Workplace Culture
By Jon Hyman
May. 11, 2016
Do you have a “positivity policy” like the following in your employee handbook?
The Company expects all employees to behave in a professional manner that promotes efficiency, productivity, and cooperation. Employees are expected to maintain a positive work environment by communicating in a manner that is conducive to effective working relationships with internal and external customers, clients, co-workers, and management.
What could be wrong with a workplace policy that tells employees to “maintain a positive work environment”? Everyone loves positivity, right?
Everyone, that is, except the NLRB.
In T-Mobile USA [pdf], the NLRB struck down that innocuous, neutral handbook policy as a violation of employees’ section 7 rights.

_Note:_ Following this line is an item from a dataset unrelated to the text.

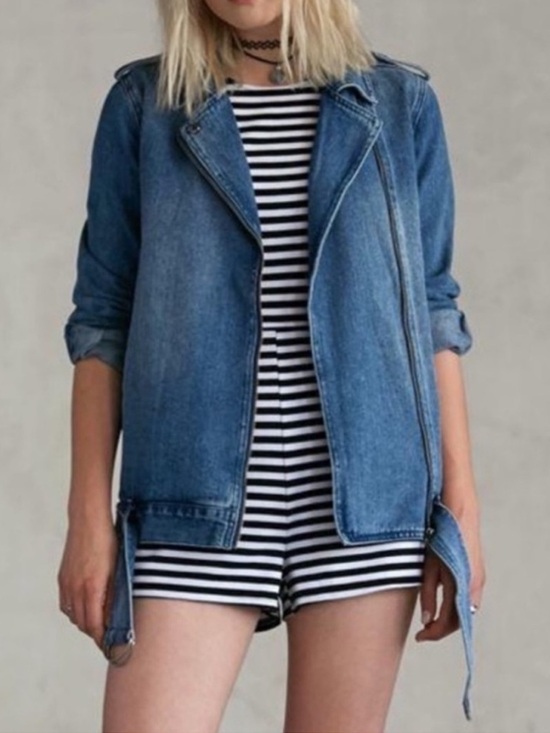 Gypsy Warrior Jackets & Blazers - Gypsy Warrior Asymmetrical Full-Zip Denim Jean Jacket, Medium Blue Wash, Sz XL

The rule at issue here more broadly restricts employee communications and is not limited to conduct that would objectively be viewed as unprotected. Rather, we find that employees would reasonably understand the rule’s requirement that they communicate “in a manner that is conducive to effective working relationships” with coworkers and management as prohibiting disagreements or conflicts, including protected discussions, that the Respondent subjectively deems to not be conducive to “a positive work environment.”
Translation? Good luck writing a handbook policy that even touches employee communications that will pass muster with the NLRB. On this issue, I, and employers everywhere, are positively glum.